Captioned web image data:
:::

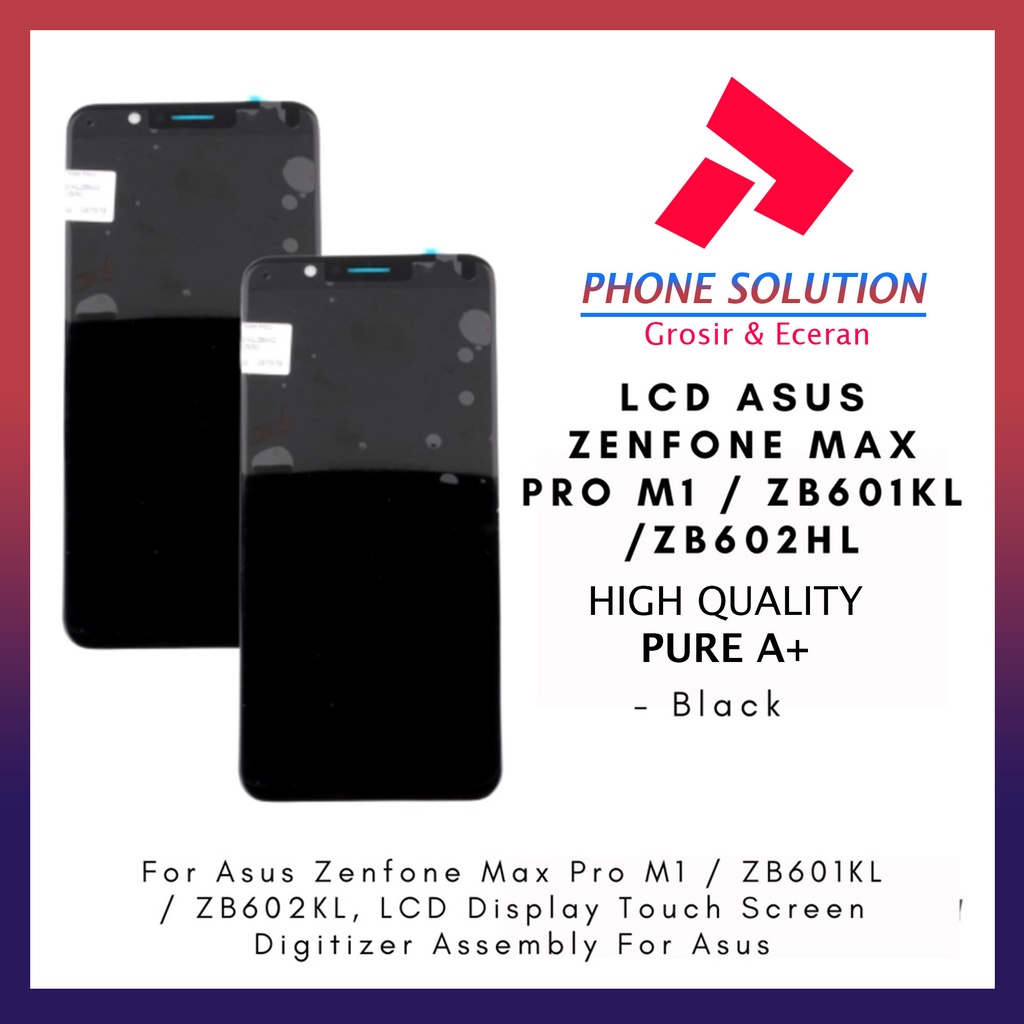 LCD Asus Zenfone Max Pro M1  LCD Asus Zenfone ZB601KL  LCD Asus Zenfone ZB602KL Fullset Touchscreen // Supplier LCD Asus Zenfone Max - Garansi 1 Bulan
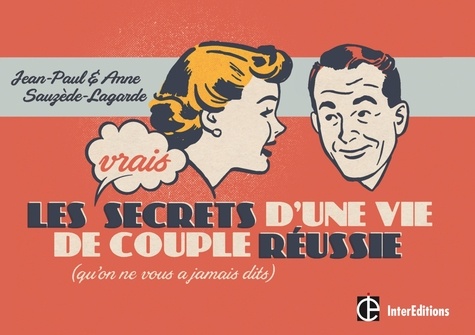 Les Vrais Secrets d'une Vie de Couple Réussie. (qu'on ne vous a jamais dits)
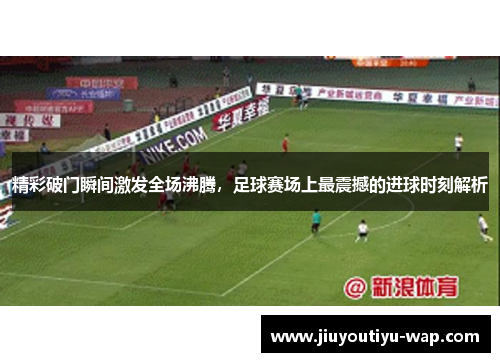 精彩破门瞬间激发全场沸腾，足球赛场上最震撼的进球时刻解析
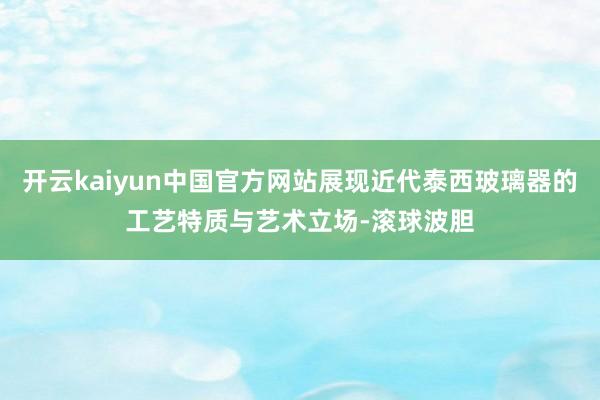 开云kaiyun中国官方网站展现近代泰西玻璃器的工艺特质与艺术立场-滚球波胆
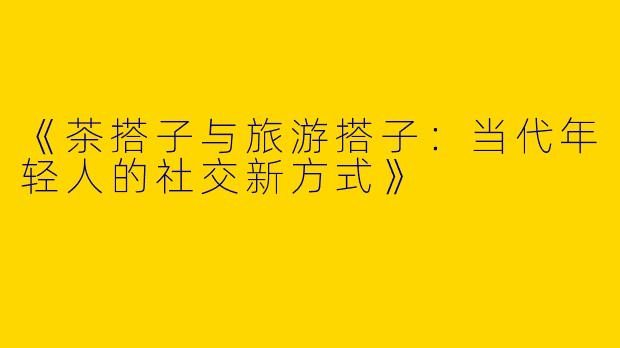 《茶搭子与旅游搭子：当代年轻人的社交新方式》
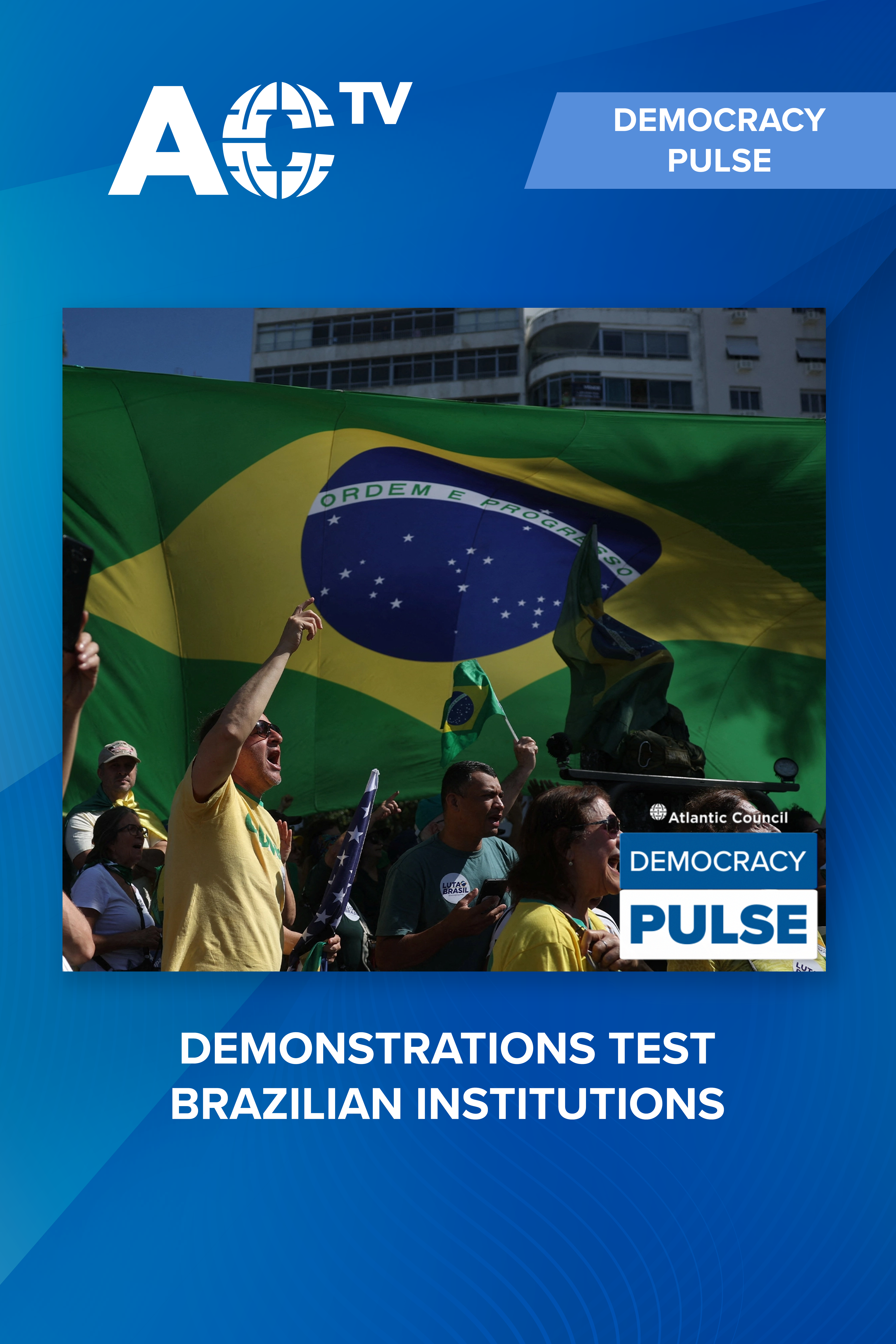 Democracy Pulse: Public demonstrations test Brazilian institutions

:::

No pictures belong in the answer. It must repeat exactly the lines from the line with "Les Vrais Secrets" through the final line of the records.

COMPLETED EXERCISE:
 Les Vrais Secrets d'une Vie de Couple Réussie. (qu'on ne vous a jamais dits)
 精彩破门瞬间激发全场沸腾，足球赛场上最震撼的进球时刻解析
 开云kaiyun中国官方网站展现近代泰西玻璃器的工艺特质与艺术立场-滚球波胆
 《茶搭子与旅游搭子：当代年轻人的社交新方式》
 Democracy Pulse: Public demonstrations test Brazilian institutions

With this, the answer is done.